History of Feminist theory

Feminist theories have emerged as early as 1792 (– 1920s) in such publications as “The Changing Woman”, “Ain’t I a Woman”, “Speech after Arrest for Illegal Voting”, and so on. “The Changing Woman” is a Navajo Myth that gave credit to a woman who, in the end, populated the world. Footnote with citation. In 1851, Sojourner Truth addressed women’s rights issues through her publication, “Ain’t I a Woman.” Sojourner Truth addressed the issues surrounding limited rights to women based on the flawed perceptions that men held of women. Truth argued that if a woman of color can perform tasks that were supposedly limited to men, then any woman of any color could perform those same tasks. After her arrest for illegally voting, Susan B. Anthony gave a speech within court in which she addressed the issues of language within the constitution documented in her publication, “Speech after Arrest for Illegal voting” in 1872. Anthony questioned the authoritative principles of the constitution and its male gendered language.

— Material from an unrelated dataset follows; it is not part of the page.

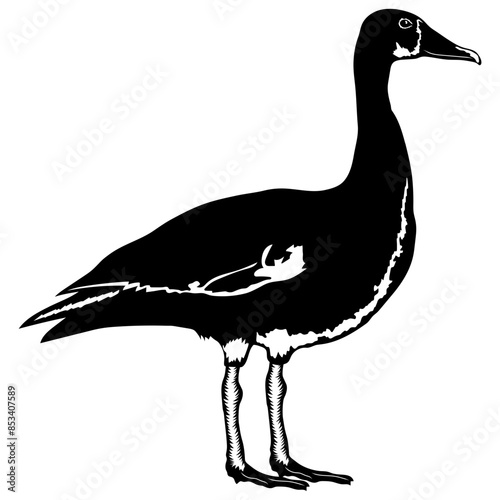 Spur Winged Goose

She raised the question of why women should be punished under law but they cannot use the law for their own protection (women could not vote, own property, nor themselves in marriage). She also critiqued the constitution for its male gendered language and questioned why women should have to abide by laws that do not specify women. Although there were not any feminist terminologies based on their arguments, all of these women have founded a lexicon of debates that contribute to feminist theory. For example, Sojourner Truth raised the issue of the intersectionality debate and Susan B. Anthony raised the issue of the language debate.
Nancy Cott makes a distinction between modern feminism and its antecedents, particularly the struggle for suffrage. In the United States she places the turning point in the decades before and after women obtained the vote in 1920 (1910–1930). She argues that the prior woman movement was primarily about woman as a universal entity, whereas over this 20 year period it transformed itself into one primarily concerned with social differentiation, attentive to individuality and diversity. New issues dealt more with woman's condition as a social construct, gender identity, and relationships within and between genders. Politically this represented a shift from an ideological alignment comfortable with the right, to one more radically associated with the left.
Susan Kingsley Kent says that Freudian patriarchy was responsible for the diminished profile of feminism in the inter-war years, others such as Juliet Mitchell consider this to be overly simplistic since Freudian theory is not wholly incompatible with feminism. Some feminist scholarship shifted away from the need to establish the origins of family, and towards analyzing the process of patriarchy. In the immediate postwar period, Simone de Beauvoir stood in opposition to an image of "the woman in the home". De Beauvoir provided an existentialist dimension to feminism with the publication of Le Deuxième Sexe (The Second Sex) in 1949. As the title implies, the starting point is the implicit inferiority of women, and the first question de Beauvoir asks is "what is a woman"? Woman she realizes is always perceived of as "other", "she is defined and differentiated with reference to man and not he with reference to her". In this book and her essay, "Woman: Myth & Reality", de Beauvoir anticipates Betty Friedan in seeking to demythologise the male concept of woman. "A myth invented by men to confine women to their oppressed`state. For women it is not a question of asserting themselves as women, but of becoming full-scale human beings." "One is not born, but rather becomes, a woman", or as Toril Moi puts it "a woman defines herself through the way she lives her embodied situation in the world, or in other words, through the way in which she makes something of what the world makes of her". Therefore, woman must regain subject, to escape her defined role as "other", as a Cartesian point of departure. In her examination of myth, she appears as one who does not accept any special privileges for women. Ironically, feminist philosophers have had to extract de Beauvoir herself from out of the shadow of Jean-Paul Sartre to fully appreciate her.While more philosopher and novelist than activist, she did sign one of the Mouvement de Libération des Femmes manifestos.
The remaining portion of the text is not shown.